Make no mistake, all three major Georgia teams (Tech doesn't count! But they still lost) had games of importance this weekend. The Braves had a chance to beat the Cardinals to head to the real playoffs, UGA had a chance to show it was the real deal against another highly ranked opponent, as well as take control of the SEC East, and the Falcons had a chance to go 5-0 for the first time in its 47th season of existence.
Sunday rolls around, and the game is blacked out for me, even on Sunday Ticket. So I flip over to Red Zone Channel and pray the Falcons get some coverage. By and large, they didn't. (Go figure, right?).
I almost didn't want to watch, because I knew how sad I'd be if all three of my teams lost in miserable fashion over the weekend, and I figured if they lost and I just saw the box score, I'd feel less bad about it. But like any 20something male (or perhaps insane fan, not sure which), I was too stubborn to go that route, so I stayed glued to the box score on the screen and to the Red Zone Channel.
As time passed, neither team was scoring! It felt like the longer we went without scoring, the more it played into the Redskins' hands.
Imagine my surprise when the first half started going downhill very, very quickly. A pick-6 to Kerrigan and then a fumbled snap shortly thereafter had my spirits pretty low. It's one thing to be down, it's another to be down after one of the worst weekends in the history of Georgia sports.
Come halftime, the game is tied 7-7...somehow.
Somehow, we were still in the game. Did we deserve to be in the game? No. Were we in the game? Absolutely.
This is why I don't like stats. Statistics cannot and will not prepare you for what happened on Sunday. They were correct in that the Redskins have trouble covering #2 WR and TE, as both of the Falcons that play those respective positions had good games, but they weren't correct in that the D would just roll over, nor were they correct in that it would be a high scoring game.
The Redskins' O struggled against the Falcons' D. The Redskins scored 17 points, but 7 of those were due to the pick-6 from Kerrigan, which was an excellent athletic play.

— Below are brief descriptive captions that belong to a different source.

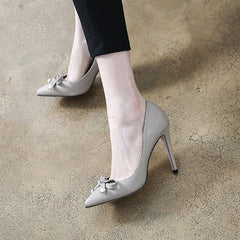 Heels For Small Feet With Bow Tie GS22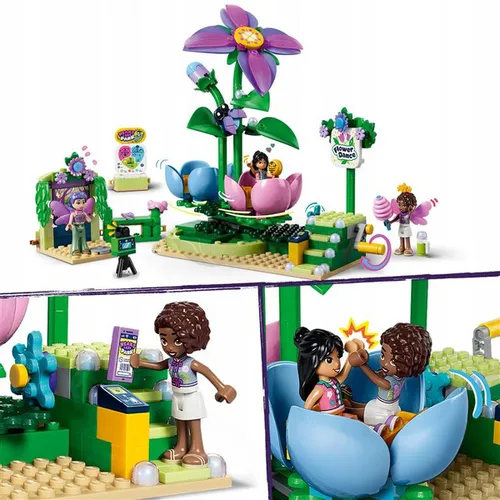 LEGO Friends 42702 Wróżkowa karuzela z kwiatami, zestaw klocków 7+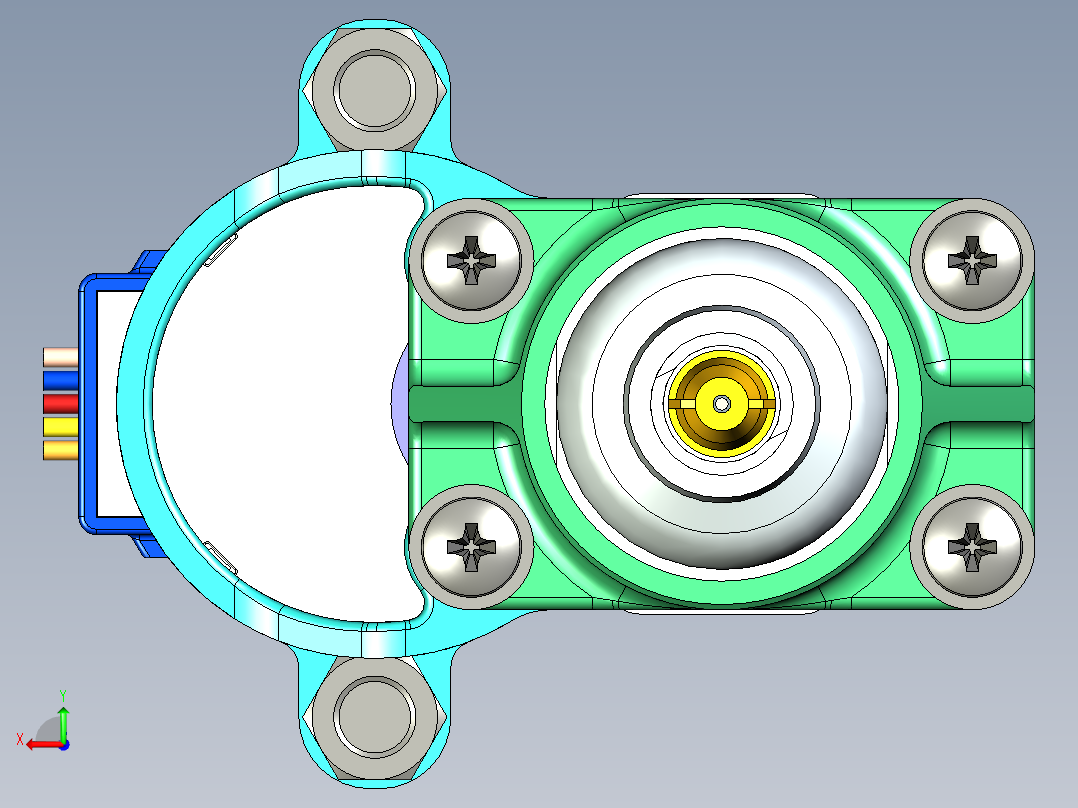助焊剂或焊膏分配器后视图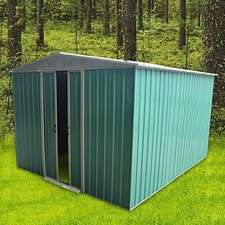 Metal Garden Shed 8x8’ Green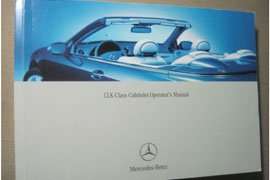 2004 Mercedes Benz CLK-Class CLK320, CLK500, CLK55 AMG Cabriolet Convertible Owner's Operator Manual User Guide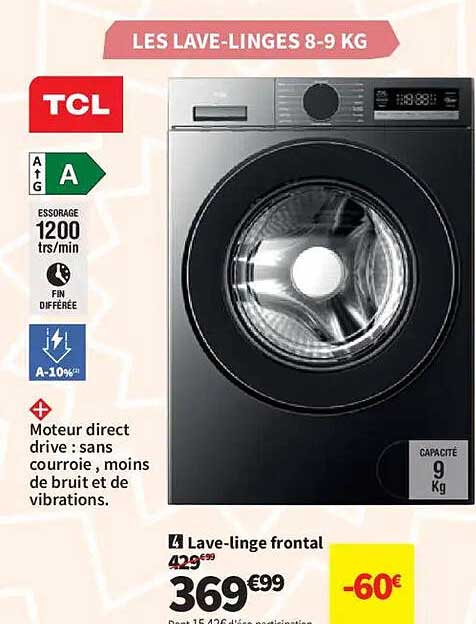 LES LAVE-LINGES 8-9 KG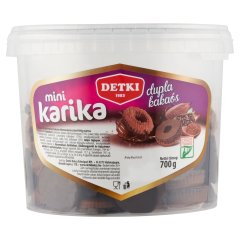 Detki Mini Karika kakaós teasütemény kakaós étbevonómasszával félig mártva 700 g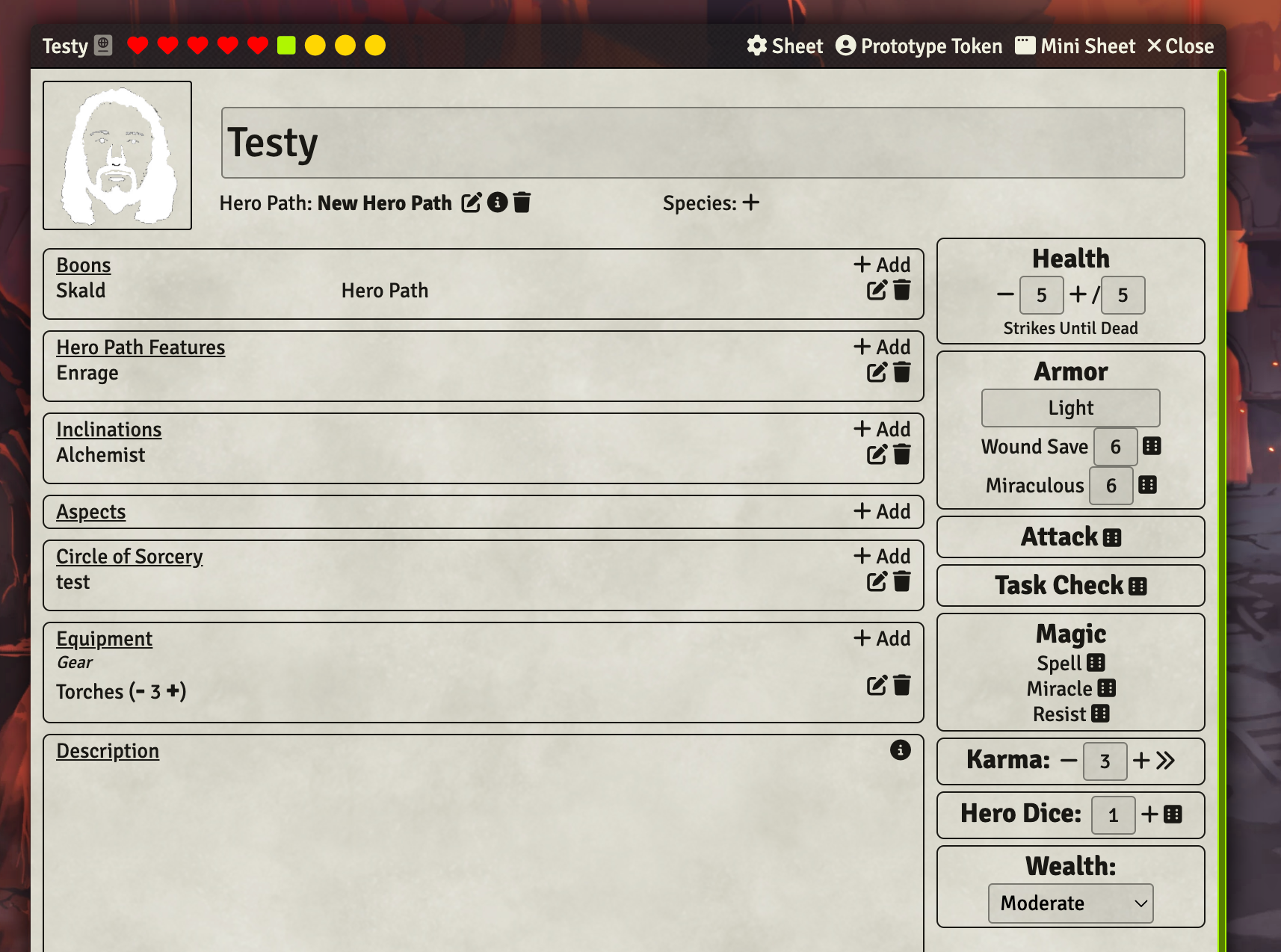 Display descriptions on character sheet · Issue #20 · drl2/ezd6-fvtt ...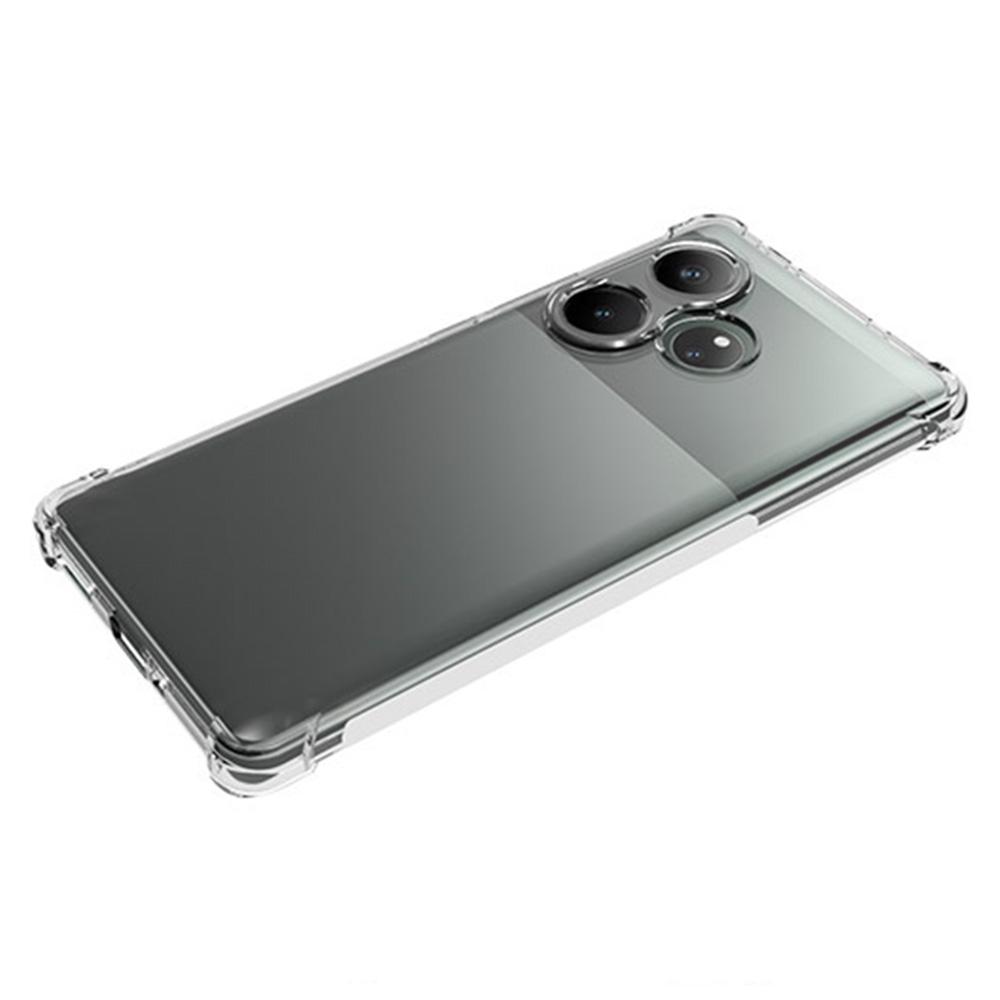 

For Realme GT 6T 5G/GT 6 5G TPU Phone Case Non-Slip Transparent Mobile Phone Cover A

As the game wore on, it occurred to me that every game won't be a blowout. I HATE HATE HATE watching close games. I'd rather my team blowout every team they play, but the reality is that it simply won't happen. This isn't college ball, where teams like Oregon score 75 points a week because they're more athletically gifted than everyone else. Everybody in the NFL can play ball.
The evidence in this is the coaching change in San Fran. That was pretty much the same team in 2011 they had in 2010, with the exception of coaching, and they excelled in 2011!
There will be blowout games - the NFL is not immune to them - but the majority of the games are closer than you think. Heck, the Ravens-Chiefs game had a score of 9-6. NINE to SIX. That's a close game, and I think we all know which of the two teams should have won that game. They almost didn't!
Green Bay lost to the Colts. The Vikings are 4-1. There were no touchdowns in the Ravens-Chiefs game. We want this and that to happen with this team, but the reality of it is that winning every week is extremely difficult.
As much as we'd like a blowout, there will be games like the Panthers and Redskins, where we have to work some magic to win, but the great thing about this team is that they've shown the poise to not freak out when things get tough, and they're 5-0 because of it.
By all means, let the Texans and 49ers keep blowing teams out. After all, it did the Saints and Packers good last year, right?
Let's be thankful this team is 5-0, and be thankful that the close victories show we still have much to learn, but can still win while learning.